In simpler words slice begins at start position and contains end-start elements.
syntax: p[:end] // is same as p[0:end]
The above syntax refers to a slice with all the elements from the 0 index, till it has end elements.
syntax: p[start:] // is same as p[start:len(p)]
This syntax slices from and including the start index to the end of the array.
Slices can also be created with the make function
syntax: make ([]type, <length>, <capacity>)
The capacity parameter is optional and if not provided, defaults to the given value of length.
An array's length can be accessed through the len() function and its maximum capacity can be obtained by using the cap() function.
Note: In Go nil is equivalent to None/null/NULL of other languages, signifying nothing.
Go also provides advanced for loops like Python.
//code
package main
import "fmt"
var pow = []int{1, 2, 4, 8, 16, 32, 64, 128}
func main() {
for i, v := range pow {
fmt.Printf("2**%d = %d\n", i, v)
}
}
Alternative advanced for loops include the following:
//code
package main
import "fmt"
func main() {
pow := make([]int, 10)
for i := range pow {
pow[i] = 1 << uint(i)
}
for _, value := range pow {
fmt.Printf("%d\n", value)
}
}
Functions are declared with func keyword. The function prototype is different than other traditional languages.
//code
package main
import "fmt"
func add(x int, y int) int {
return x + y
}
func main() {
fmt.Println(add(42, 13))
}
Prototype is func <name> (arg <type>) <return type>
Functions can take zero or more inputs. If multiple inputs are of the same type then the type specifier can be omitted from all but the last argument.
syntax: function (x int, y int) int //this can be rewritten as
syntax: function (x, y int) int //also correct
Like Python functions can also return multiple values.
//code
package main
import "fmt"
func swap(x, y string) (string, string) {
return y, x
}
func main() {
a, b := swap("hello", "world")
fmt.Println(a, b)
}
The return parameter in the prototype can be declared in the prototype, hence value/s can be returned with just the return statement.
//code
package main
import "fmt"
func split(sum int) (x, y int) {
x = sum * 4 / 9
y = sum - x
return
}
func main() {
fmt.Println(split(17))
}
Note: Functions are values too and hence can be assigned to variables.

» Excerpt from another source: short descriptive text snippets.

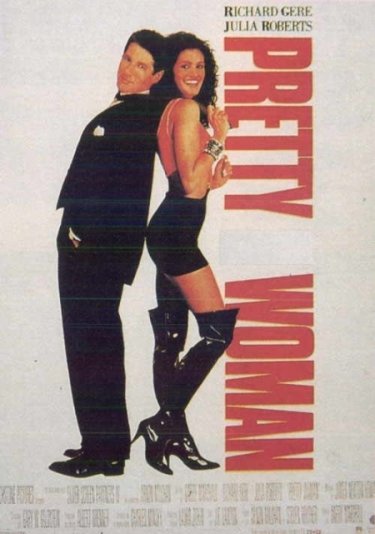 La locandina di Pretty Woman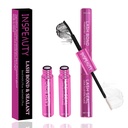 Lash Cluster Glue, Lash Bond and Seal for Eyelash Clusters, 5ml+5ml Bond and Seal, Waterproof, 2-in-1 Home Use, Strong Hold for 72H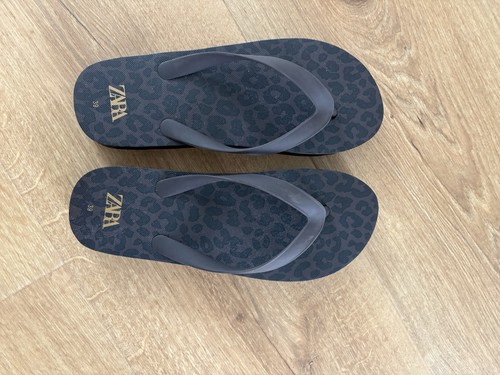 Zara leapard print - leapard,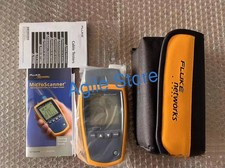 Fluke MS2-100 Networks MicroScanner Cable Verifier Tester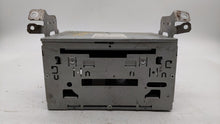 2008 Mitsubishi Lancer Radio AM FM Cd Player Receiver Replacement P/N:DY-3W69U-2 Fits 2007 OEM Used Auto Parts - Oemusedautoparts1.com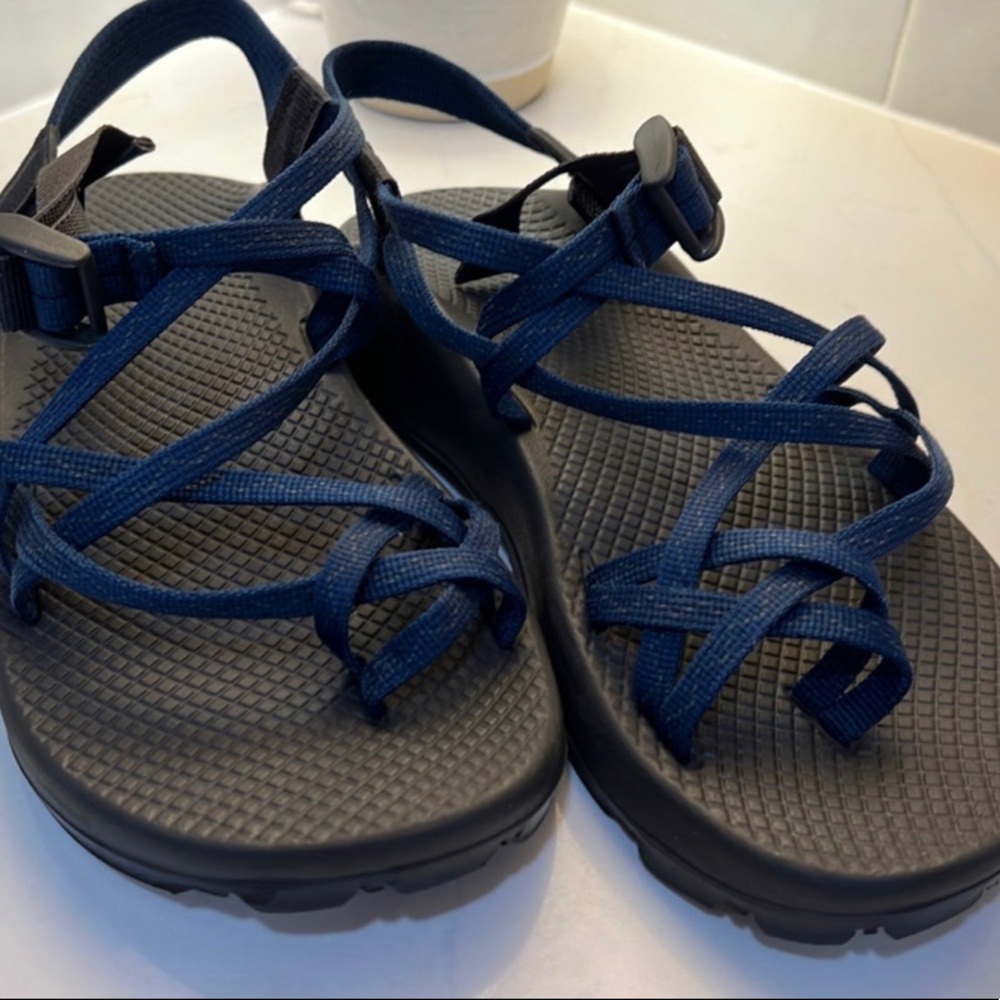 Blue Chacos Chaco - Size 8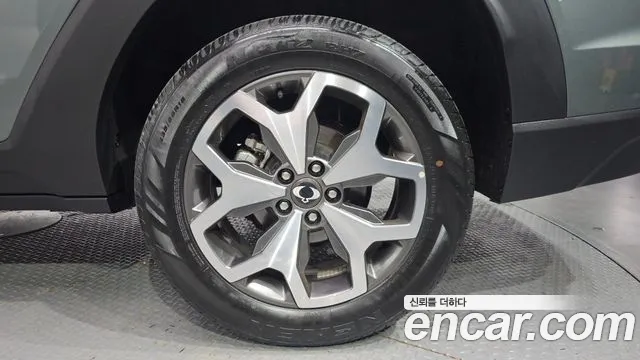 Ssangyong Torres id 2703316 из Кореи 15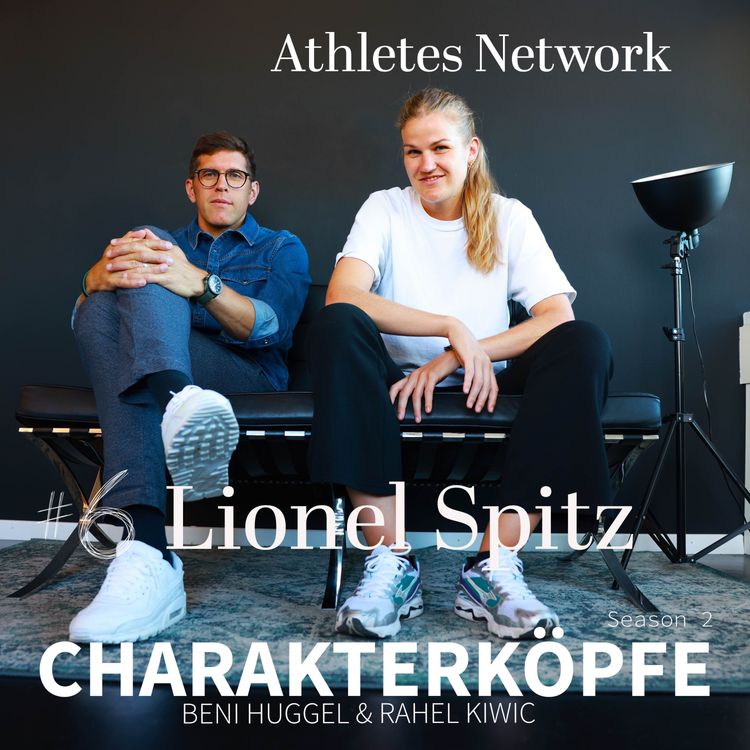 cover art for Charakterköpfe mit Lionel Spitz
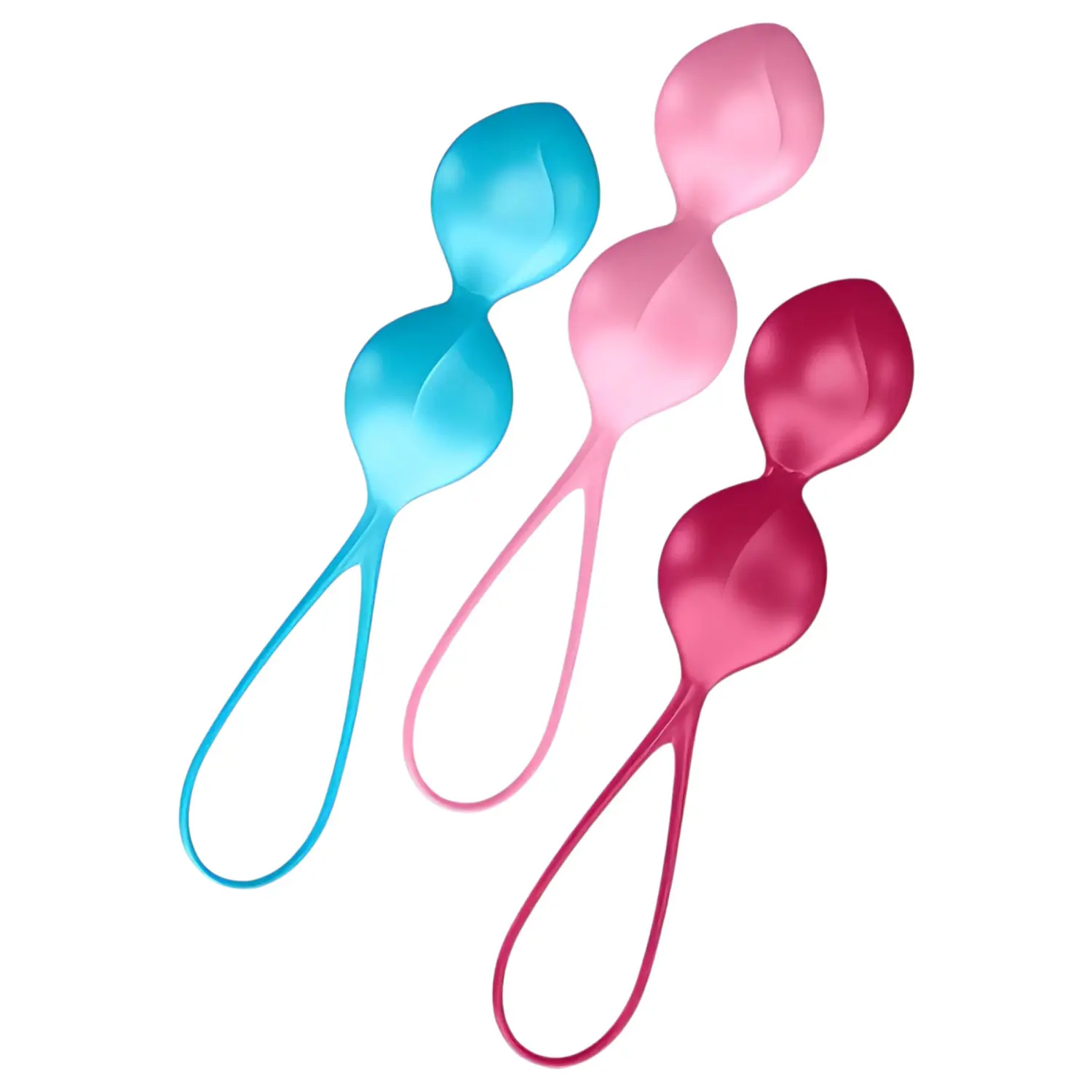 Satisfyer Venušiny kuličky 3 ks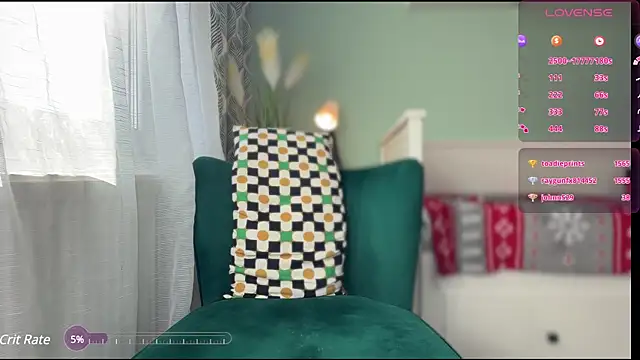 Snapshot of Livia777 chatting on March 2025 07:16:01 AM Livia777 online show from March 2025 07:16:01 AM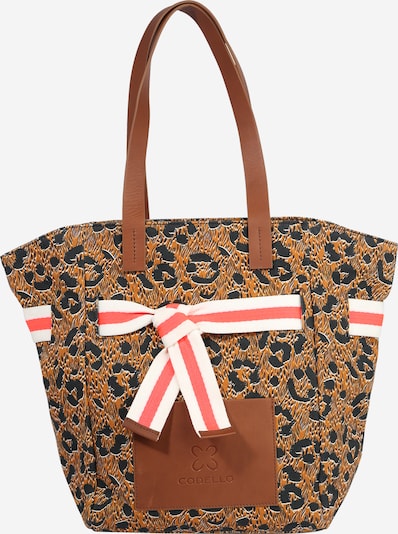 Shopper CODELLO di colore marrone, Visualizzazione prodotti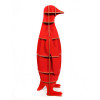 NE018 - Mobile puzzle Pinguino rosso
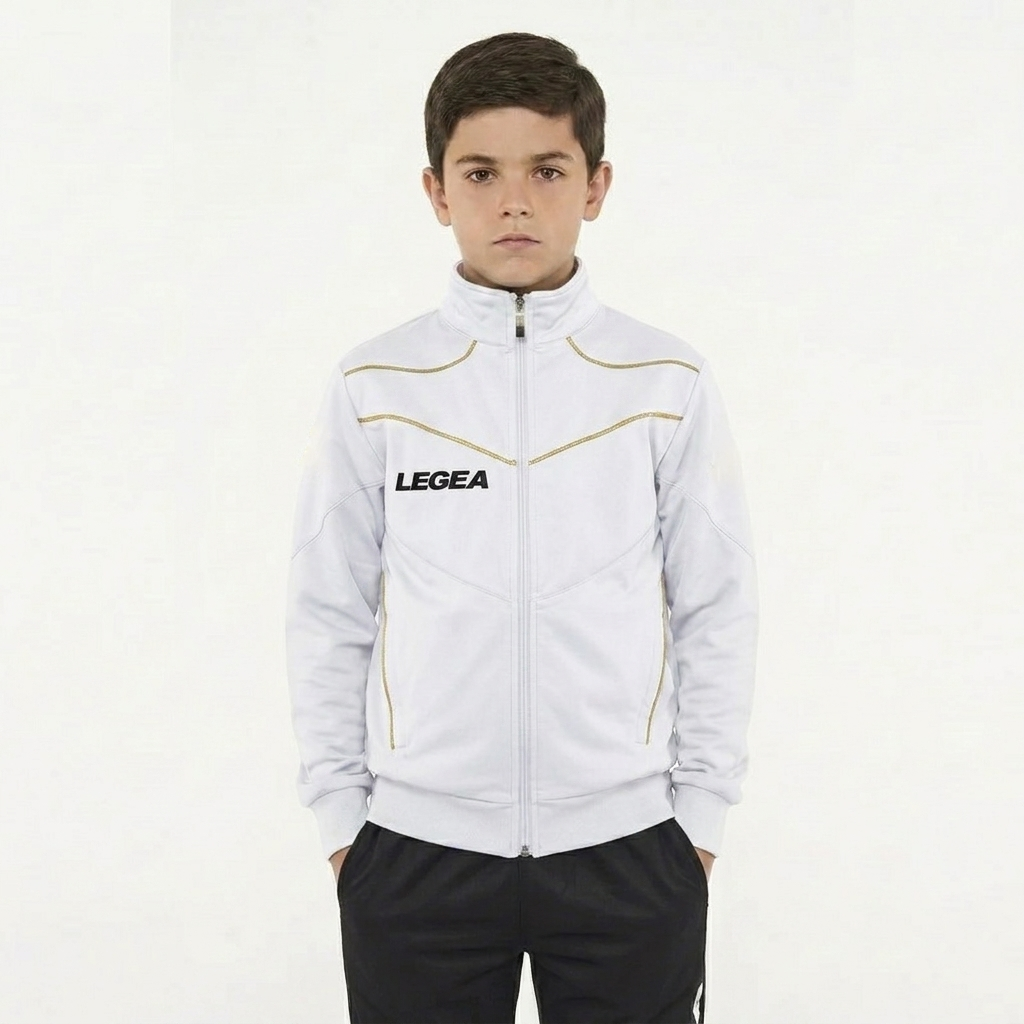 Texas Junior sportos zip kabát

Go has support for structures. The following demonstrates a struct for storing coordinates:
//code
package main
import "fmt"
type Vertex struct {
X int
Y int
}
func main() {
fmt.Println(Vertex{1, 2})
}
Note: the type keyword is the Go equivalent of C's typedef. Structs can be assigned to variables in the following manners:
syntax: var <name> <struct-name>
syntax: <name>:= <struct-name>{}
syntax: <name>:= new(struct-name>)
syntax: var (
p = Vertex{1, 2} // has type Vertex
q = &Vertex{1, 2} // has type *Vertex
r = Vertex{X: 1} // Y:0 is implicit
s = Vertex{} // X:0 and Y:0
)
The variables can be accessed by using the . operator. Structs can also be accessed through pointers. Though unlike the -> operator, pointers also use the . operator to access sub-fields.
Go has an in-built map type that implements a hash-map where each entry is a key-value pair similar to that of a dictionary in Python.
//code
package main
import "fmt"
var m map[string]int
func main() {
m = make(map[string]int)
m["Author"] = 151294
fmt.Println(m["Author"])
}
Maps are made with make keyword (not new)
Map literals demonstration:
//code
package main
import "fmt"
type Vertex struct {
Lat, Long float64
}
var m = map[string]Vertex{
"Bell Labs": Vertex{
40.68433, -74.39967,
},
"Google": Vertex{
37.42202, -122.08408,
},
}
func main() {
fmt.Println(m)
}
If the top-level is a type name (as the above example) it can be removed.
syntax: var m = map[string]Vertex{
"Bell Labs": {40.68433, -74.39967},
"Google": {37.42202, -122.08408},
}
Basic map operations:
m[key] = elemelem = m[key]delete(m, key)elem, ok = m[key]If key is in m, ok is true. If not, ok is false and elem is the zero value for the map's element type.